● **What you will do**:
Everything from the line with "L'adresse Signature, Duplex" to the end of the data should be restated word for word, and nothing before it.

● **Records supplied**:
━━━━━━━━━━━━━━━━

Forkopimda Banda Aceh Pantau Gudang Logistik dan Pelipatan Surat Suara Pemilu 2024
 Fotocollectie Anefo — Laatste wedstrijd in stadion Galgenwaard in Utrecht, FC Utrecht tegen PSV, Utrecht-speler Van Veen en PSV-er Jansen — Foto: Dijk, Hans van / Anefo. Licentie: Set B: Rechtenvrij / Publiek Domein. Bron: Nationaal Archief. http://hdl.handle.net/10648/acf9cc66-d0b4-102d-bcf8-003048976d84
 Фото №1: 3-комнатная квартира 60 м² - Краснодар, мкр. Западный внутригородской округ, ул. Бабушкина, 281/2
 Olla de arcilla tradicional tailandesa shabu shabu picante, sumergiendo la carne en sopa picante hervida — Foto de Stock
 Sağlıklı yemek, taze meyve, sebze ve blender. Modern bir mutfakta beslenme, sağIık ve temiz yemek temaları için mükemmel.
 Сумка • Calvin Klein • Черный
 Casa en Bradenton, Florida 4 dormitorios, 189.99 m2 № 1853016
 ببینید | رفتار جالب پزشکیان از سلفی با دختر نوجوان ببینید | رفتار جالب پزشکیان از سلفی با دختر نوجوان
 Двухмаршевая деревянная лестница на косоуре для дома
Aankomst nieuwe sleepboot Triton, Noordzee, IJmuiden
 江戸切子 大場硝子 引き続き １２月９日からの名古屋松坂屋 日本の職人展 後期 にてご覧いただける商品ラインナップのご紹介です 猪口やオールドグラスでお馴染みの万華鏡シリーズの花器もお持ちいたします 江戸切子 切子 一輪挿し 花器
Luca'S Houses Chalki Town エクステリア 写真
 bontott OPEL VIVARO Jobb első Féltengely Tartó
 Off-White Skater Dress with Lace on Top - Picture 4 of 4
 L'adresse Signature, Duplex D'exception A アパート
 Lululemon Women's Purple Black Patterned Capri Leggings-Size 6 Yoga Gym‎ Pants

━━━━━━━━━━━━━━━━

● **Task solution**:
 L'adresse Signature, Duplex D'exception A アパート
 Lululemon Women's Purple Black Patterned Capri Leggings-Size 6 Yoga Gym‎ Pants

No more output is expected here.